In reality, reporters had challenged the President with tough questions. CNN’s John King cited Ted Kennedy’s belief that “your fixation with Saddam Hussein is making the world a more dangerous place.” Ed Chen of the Los Angeles Times demanded to know that if Bush “trusted the people” with their tax cuts, why not trust them enough to give them an estimate of the war costs? Bob Deans of Cox Newspapers even suggested that the Vietnam War was unjustified since Vietnam hasn’t directly threatened American security in 30 years.

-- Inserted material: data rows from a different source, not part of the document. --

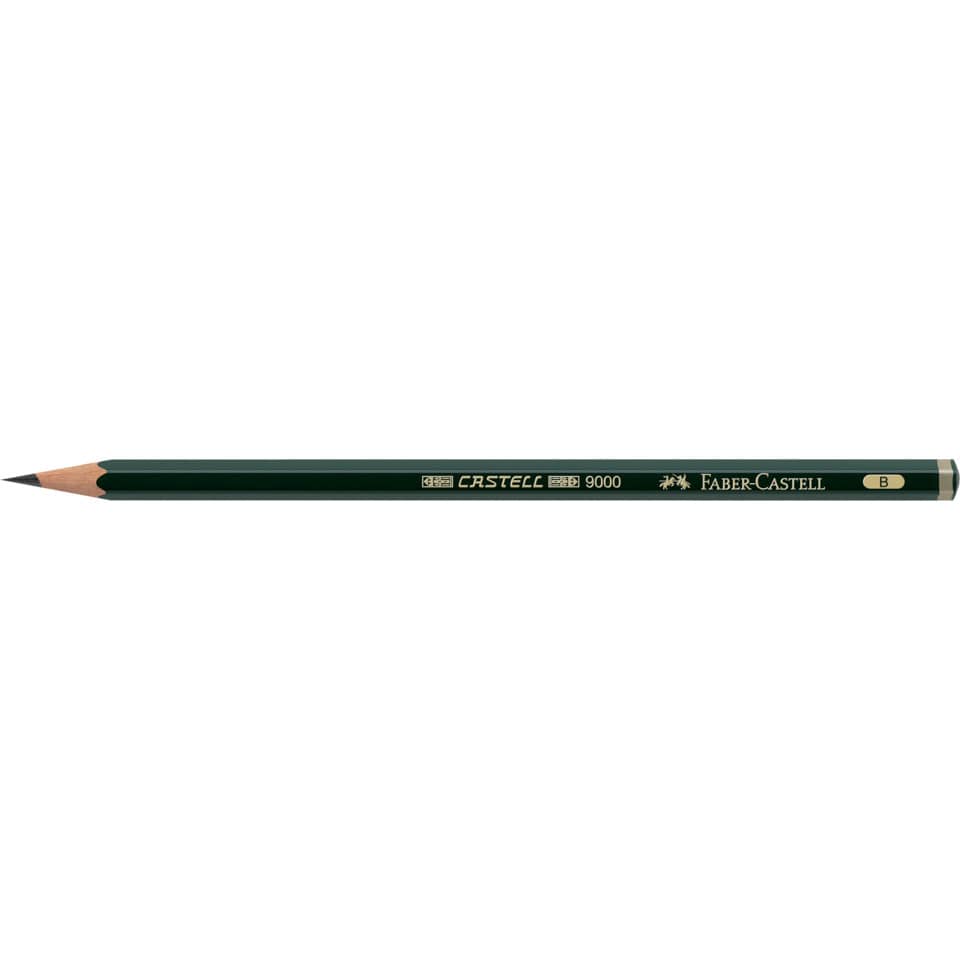 Bleistift CASTELL® 9000 - B, dunkelgrün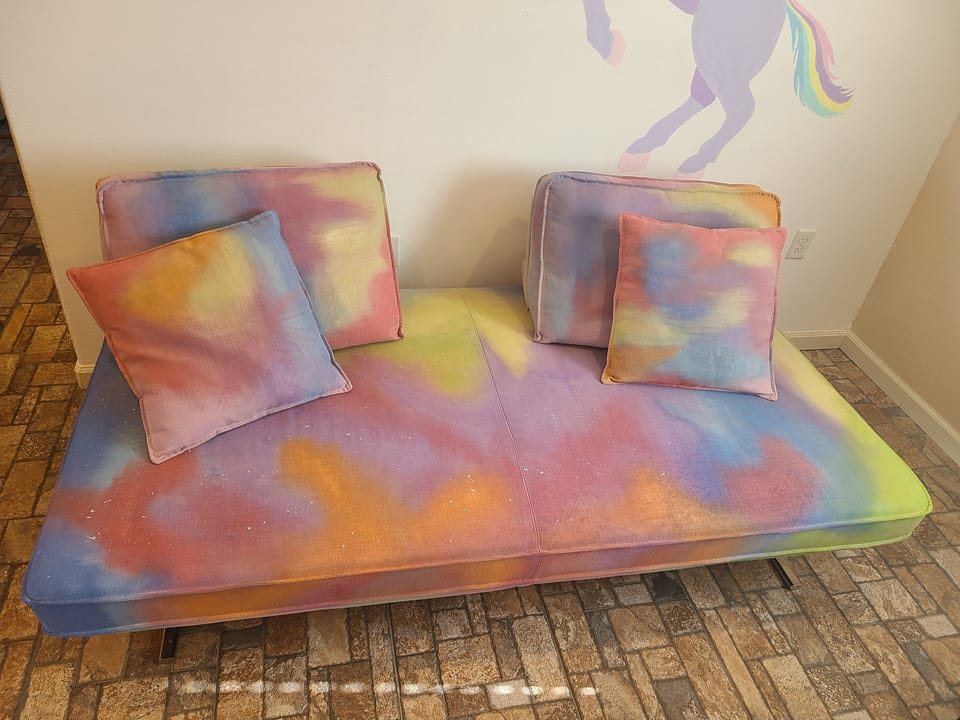 Magic sofa - hand painted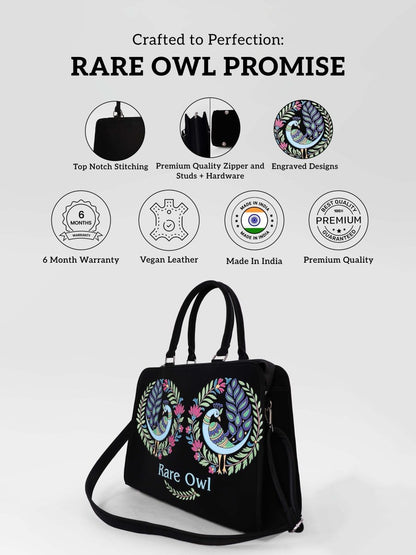 Majestic Peacock Customized Tote Bag for Women | Rare Minimal
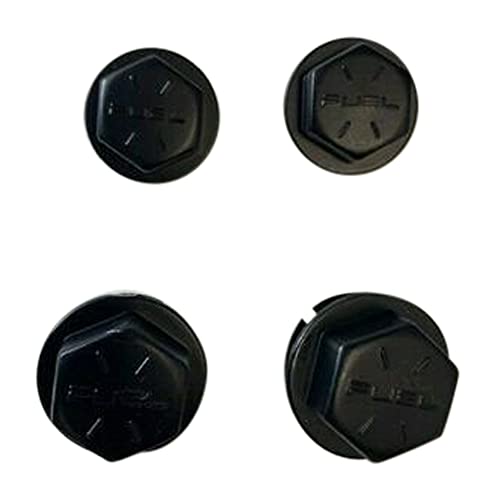 Fuel Off-Road 5150-16R-MB Matte Black Bolts 20 & 22 D625 Hostage Set of 4 replacement wheel center cap part 5150-16R-MB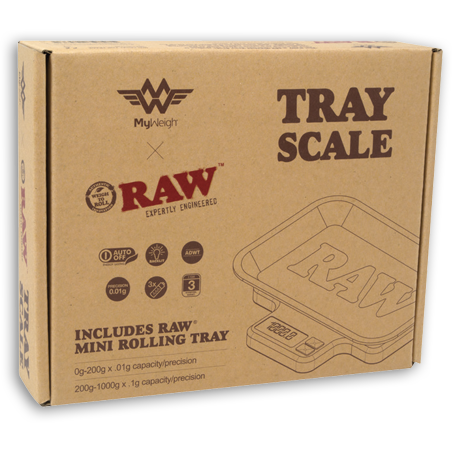 RAW x MY WEIGH Tray Scale | Includes Raw Mini Rolling Tray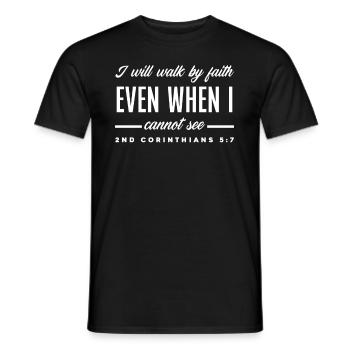 Jésus-Christ Christ Religion Religieux - T-shirt homme - noir - Devant - AI Model Male 178 light (178cm)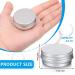 64-Piece 0.5 oz Silver Screw Top Round Aluminum Tin Cans with Lid for DIY Lip Balm & Cosmetics - Travel Size Empty Sample Containers - Buy Online on GoSupps.com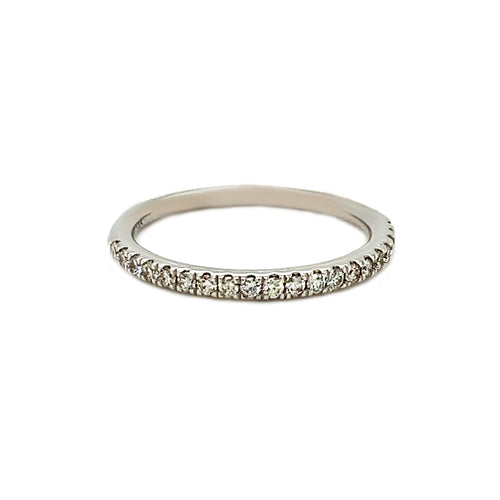 14kt White Gold and Diamond Band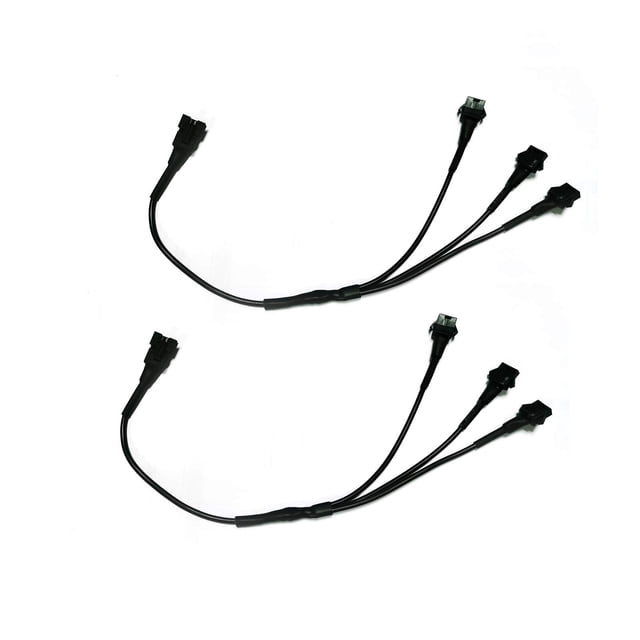 Kingshowstar 2 PCS 1 Male to 3 Female Splitter Y Cable for Use with 5050 LED SMD RGB NEON Accent Kits for LED Motorcycle ATV Car Light Multi-Color Neon Strip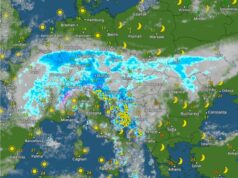 (MAPE) HLADNI FRONT STIŽE U SRBIJU: OLUJNI UDARI VETRA, TEMPERATURE PADAJU ZA 15 STEPENI – U BEOGRADU VEĆ PLJUŠTI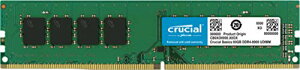Crucial fXNp݃ 4GB(4GBx1) DDR4 2400MT/s(PC4-19200) CL17 UDIMM 288pin CT4G4DFS824A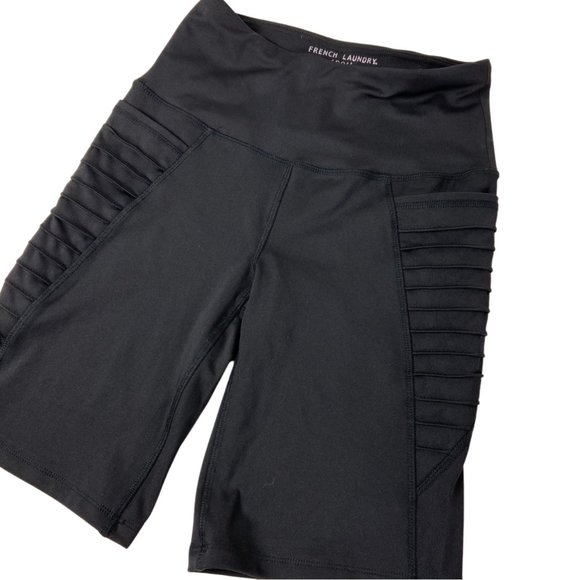 French Laundry | Shorts | French Laundry Sport Black Biker Shorts W Pockets  | Poshmark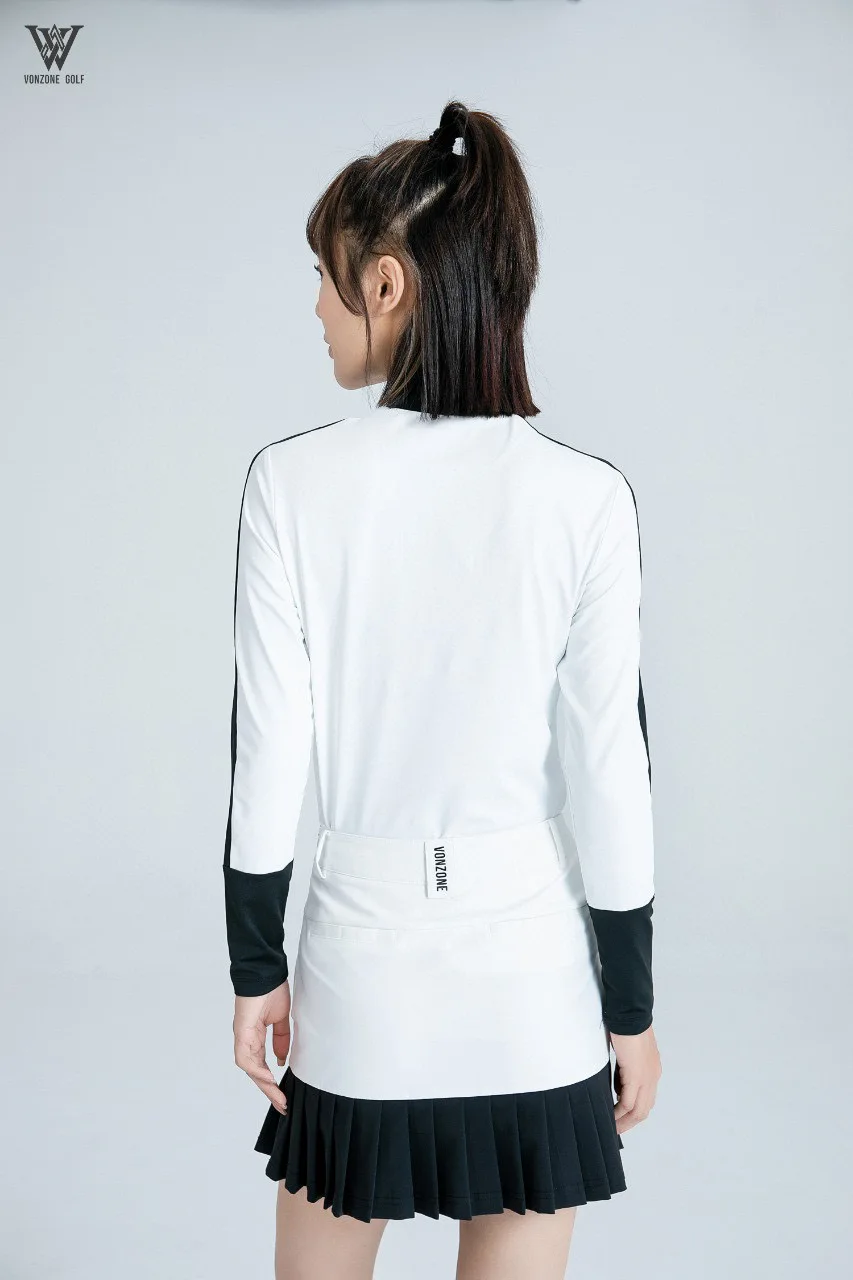 Autumn and winter new niche VONZONE golf long sleeve women outdoor color long sleeve golf simple casual fashion slim top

moran030703For his part, Moran lectured the President that he had “generated opposition from the governments of France, Russia, China, Germany, Turkey, the Arab League, and many other countries, opened a rift at NATO and at the UN; and drawn millions of ordinary citizens around the world into the streets and anti-war protests. May I ask what went wrong that so many governments and peoples around the world now not only disagree with you very strongly, but see the U.S. under your leadership as an arrogant power?” Afterward, Peter Jennings praised it as “a fairly straightforward question.” (With Real Video)

On the evening news shows preceding the prime-time event, Jennings asked Secretary of State Colin Powell: “So many people don’t understand why you shouldn’t let the inspections continue if they are accomplishing anything....Most people think they’re doing a reasonably effective job at the moment.” Over on NBC, Ron Allen was reporting from Iraq that “Tonight, word of America’s new deadline and threat of war fazed no one at this Baghdad café.” Allen then cited an Iraqi man: “America is a terrorist country, he says.”

That morning, as the White House press corps prepared to pepper Bush with questions about his “arrogant...obsession” with Saddam Hussein, ABC’s Good Morning America was marveling at Saddam’s popularity. Diane Sawyer revealed: “I read this morning that he’s also said the love that the Iraqis have for him is so much greater than anything Americans feel for their President because he’s been loved for 35 years, he says, the whole 35 years.” From Baghdad, reporter Dan Harris seconded Sawyer: “He is one to point out quite frequently that he is part of a historical trend in this country of restoring Iraq to its greatness, its historical greatness. He points out frequently that he was elected with a hundred percent margin recently.”

If the press were to be accused of acting like “zombies,” it was more plausible to argue they were zombies for Saddam than they were zombies for President Bush.